Let me add to this. If you've been around cables for 40 years and think that somehow 'cable degredation' or wear is what makes shifting performance suffer you really haven't learned anything. It's the wear in the housing that kills your shifting. With the new coated cables, the coating can and WILL wear, with a similar effect. Especially with the new Shimano cables you have to be really careful when installing them or you give the wear process a huge headstart. 
If I had 8000mi on my cables, I'd be replacing them now as a preventative. I promise you that there is some wear in your housing and your cables are starting to get tired inside the shifters. It's the same idea as not waiting for your engine to blow up before you change the oil. You're trying to maintain performance AND prevent failure. 

But you and your shop seem to know best, so good luck.


----------



## froze (Sep 15, 2002)

cxwrench said:


> Hope you don't have a cable break inside the shifter 40mi from home.


I guess it pays to know your stuff huh?


----------



## cxwrench (Nov 9, 2004)

froze said:


> I guess it pays to know your stuff huh?
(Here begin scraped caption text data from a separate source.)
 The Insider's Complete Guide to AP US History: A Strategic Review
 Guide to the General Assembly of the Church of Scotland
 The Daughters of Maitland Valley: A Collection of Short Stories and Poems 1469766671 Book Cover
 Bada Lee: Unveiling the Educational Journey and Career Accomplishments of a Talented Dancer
No matter how good I am at working on bikes, the last thing I'd want to do is have to replace a cable in the middle of a ride...not to mention it would make me look like a shitty mechanic for letting it get to that point.


----------



## Dunbar (Aug 8, 2010)

cxwrench said:


> Let me add to this. If you've been around cables for 40 years and think that somehow 'cable degredation' or wear is what makes shifting performance suffer you really haven't learned anything. It's the wear in the housing that kills your shifting. With the new coated cables, the coating can and WILL wear, with a similar effect. Especially with the new Shimano cables you have to be really careful when installing them or you give the wear process a huge headstart.


I don't really notice degradation in shift quality over time with the new Shimano polymer coated cables. The fraying is what ultimately drives me to replace the cables which is highly dependent on how often you shift. I shift my FD maybe 5% as often as the RD so I don't replace the FD cable/housing as often. As far as damaging the coating it only matters in parts of the cable run that touch cable housing or rub against a cable guide.


----------



## froze (Sep 15, 2002)

cxwrench said:


> No matter how good I am at working on bikes, the last thing I'd want to do is have to replace a cable in the middle of a ride...not to mention it would make me look like a shitty mechanic for letting it get to that point.
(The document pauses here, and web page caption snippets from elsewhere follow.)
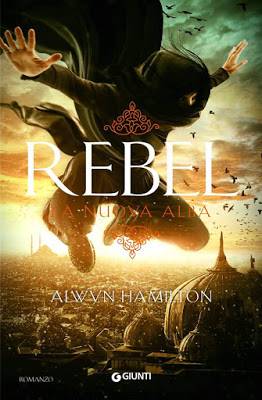 Alwyn Hamilton Rebel - La nuova alba - copertina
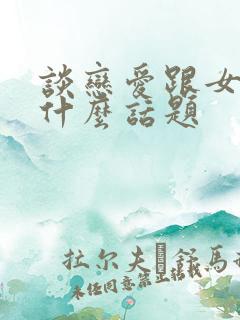 谈恋爱跟女生聊什么话题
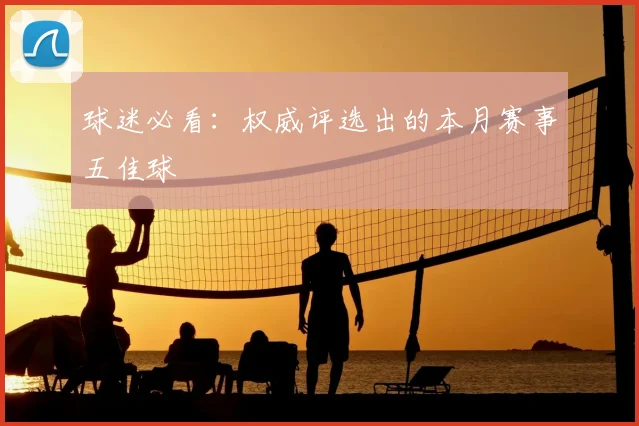 球迷必看:权威评选出的本月赛事五佳球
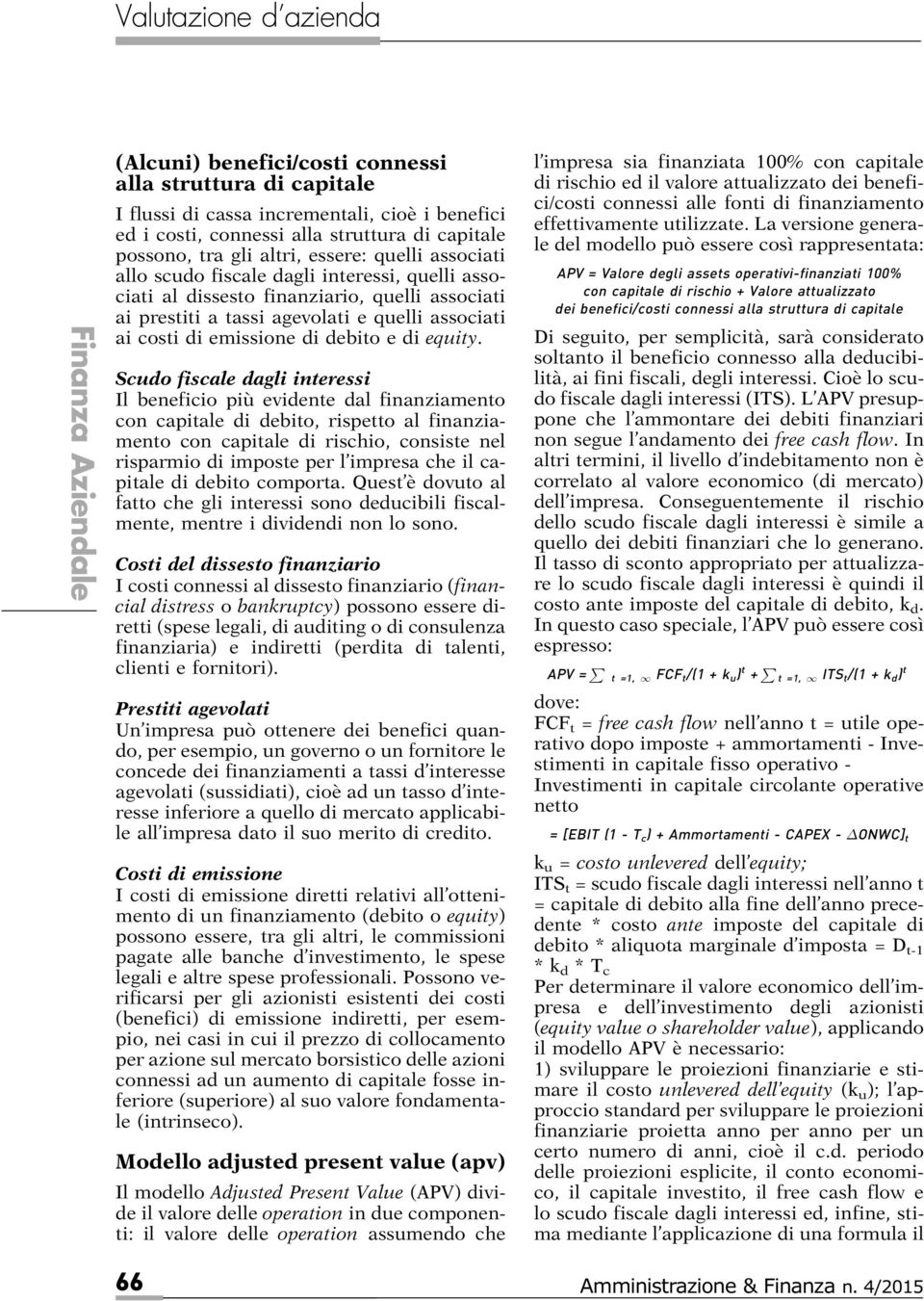 Scudo fiscale dagli interessi Il beneficio più evidente dal finanziamento con capitale di debito, rispetto al finanziamento con capitale di rischio, consiste nel risparmio di imposte per l impresa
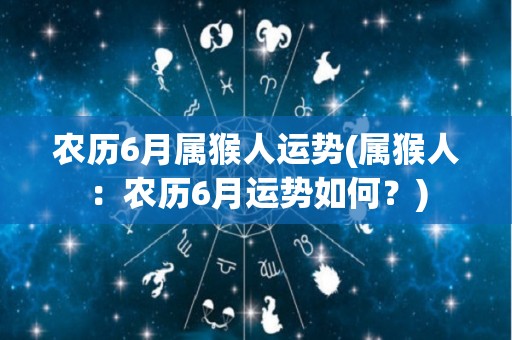 农历6月属猴人运势(属猴人：农历6月运势如何？)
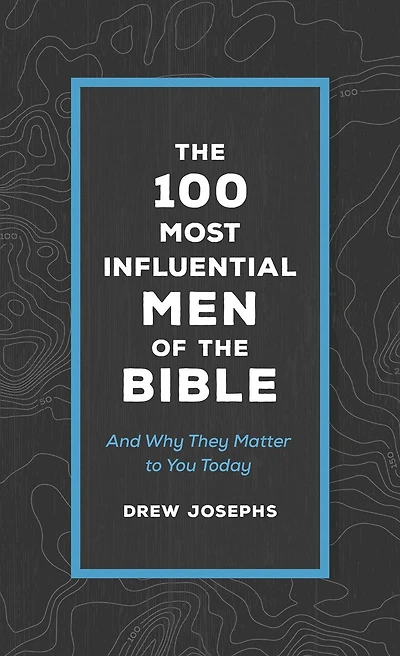 The 100 Most Influential Men of the Bible: And Why They Matter to You Today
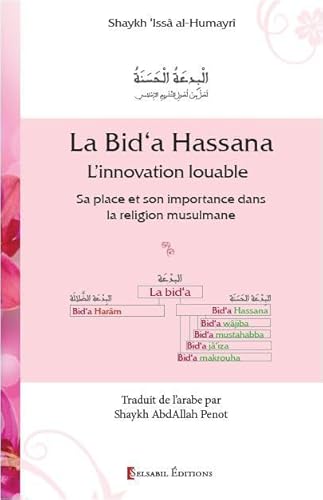 Bid a Hassana l Innovation Louable Sa Place et Son Importance Dans la Religion Musulmane Bid a Hassana l Innovation Louable Sa Place et Son Importance Dans la Religion Musulmane von ALBOURAQ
LOL, you people are funny. You mean to tell me that you can't tell when your cable is fraying so you just replace it whether it needs it or not? In 40 years of riding I've never had a cable break, but I'll let you know when I do. If you want to go that far then hell replace the chain every 1,000 miles because you wouldn't want that breaking on a ride, or replace the wheels every 5,000 miles because you wouldn't want a spoke to break, I could go on and on but it's not worth it.


----------



## Dunbar (Aug 8, 2010)

froze said:


> LOL, you people are funny. You mean to tell me that you can't tell when your cable is fraying so you just replace it whether it needs it or not?
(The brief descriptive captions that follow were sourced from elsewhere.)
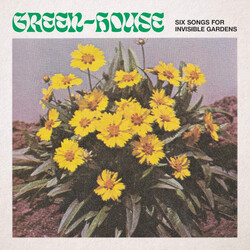 Green-House Six Songs For Invisible Gardens green vinyl LP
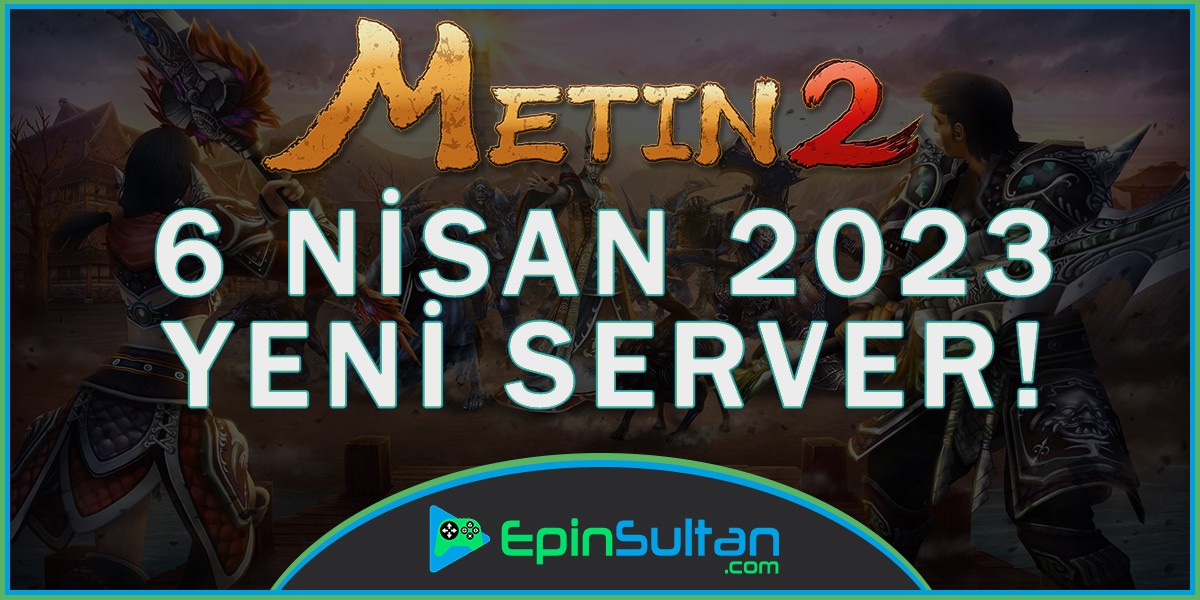 Metin2 Bahar Sunucusu Açılıyor | EpinSultan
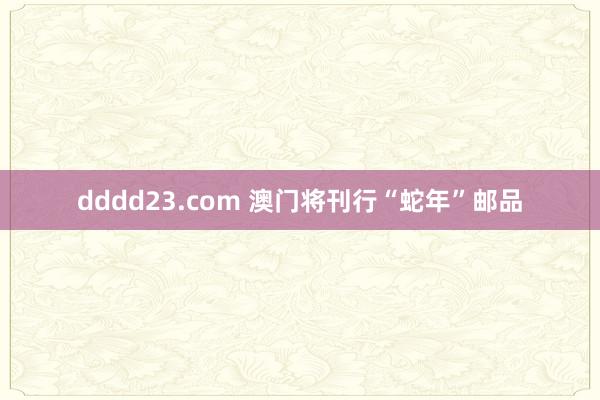 dddd23.com 澳门将刊行“蛇年”邮品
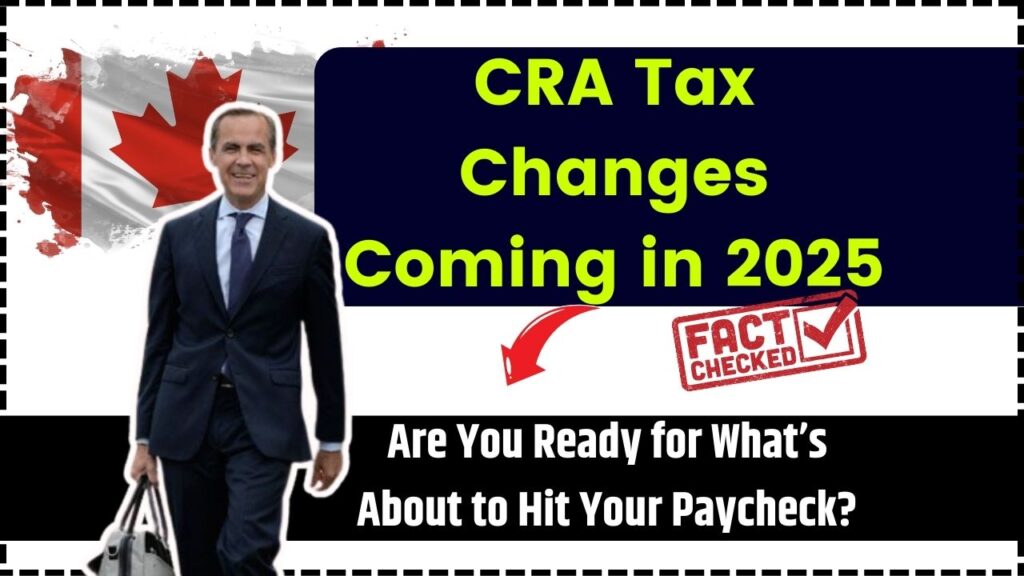 CRA Tax Changes Coming in 2025—Are You Ready for What’s About to Hit Your Paycheck? 1 CRA Tax Changes Coming in 2025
Cables and housings are fairly cheap if you install them yourself. I do the RD and front brake every 6 months and the FD and rear brake once a year. Any longer on the RD and I'd be afraid the polymer coated cable will snap on me in the middle of the ride (I can see the fraying at the shifter cable guide.) I'm on track for 9.5k miles this year though. I know many folks in colder climates who are lucky to ride half that many miles.


----------



## cxwrench (Nov 9, 2004)

froze said:


> LOL, you people are funny. You mean to tell me that you can't tell when your cable is fraying so you just replace it whether it needs it or not? In 40 years of riding I've never had a cable break, but I'll let you know when I do. If you want to go that far then hell replace the chain every 1,000 miles because you wouldn't want that breaking on a ride, or replace the wheels every 5,000 miles because you wouldn't want a spoke to break, I could go on and on but it's not worth it.


You've been riding for 40 years? That's great. You could ride for 140 years and not learning anything about this. Your riding experience means nothing about the subject at hand.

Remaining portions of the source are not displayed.